State of progress :
Study of the effects of space flight on the human body and Nutritional and exercise countermeasures
CNES, ESA, NASA, CSA
The WISE (Women International Space Simulation for Exploration) study, conducted in 2005-2006, was a bed rest study of 24 female volunteers who stayed 100 days at the Toulouse Space Clinic, 60 of which were spent lying down to simulate the effects of weightlessness.
The study took place in two sessions: from April to June 2005 for the first 12 volunteers, and from September to December for the other 12.
This bed rest study was organised by MEDES for the French, European, American and Canadian Space Agencies (CNES, ESA, NASA and CSA).
An essential study to advance research
As space flight is not a common occurrence, ground-based studies are essential to prepare for long-duration crewed flights.

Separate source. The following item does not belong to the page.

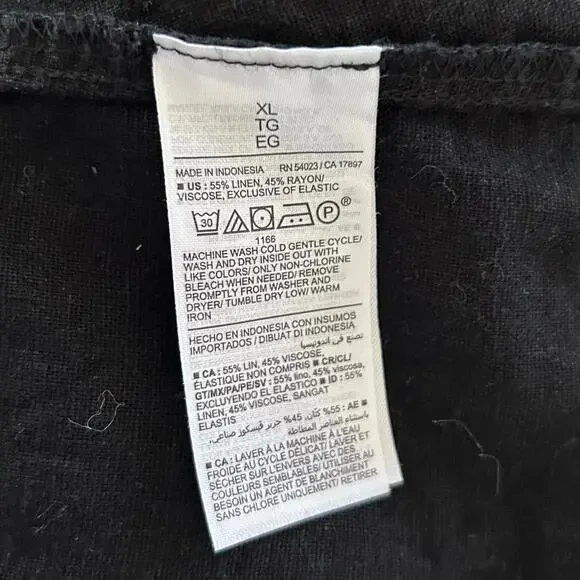 Old Navy Women Black Linen Tie Sundress XL Sleeveless Smocked Back Casual Dress - Picture 6 of 7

Twenty-four female volunteers took part in this study for 100 days, staying for 60 days with their bodies slightly tilted downwards (-6°) to simulate the physiological effects of a prolonged stay in weightlessness.
MEDES regularly conducts bed rest experiments but this was the first long-term experiment with female volunteers.
The aim of the experiment was to investigate the extent to which diet and exercise can counteract the adverse effects of the prolonged absence of gravity, simulated by these bed rest conditions.
The volunteers who took part in the study came from France, Great Britain, Germany, Finland and the Netherlands, but also from Poland and the Czech Republic, a sign of the considerable interest in the WISE study among the new Member States of the European Union.
Objectives of the study
The aims of the study were to assess the consequences of a long, simulated flight and to test the effectiveness of the countermeasures used.
Internationally renowned scientific teams followed protocols to monitor the following :
- Physical capacity,
- Heart function and blood circulation,
- Blood measurements,
- Muscle structure and function, Bone structure and function,
- Energy and nutritional requirements,
- Immune system,
- Hormonal regulation and the reproductive cycle,
- Reflexes and balance,
- Mood and well-being.
The WISE study was carried out in two successive campaigns, each involving 12 volunteers.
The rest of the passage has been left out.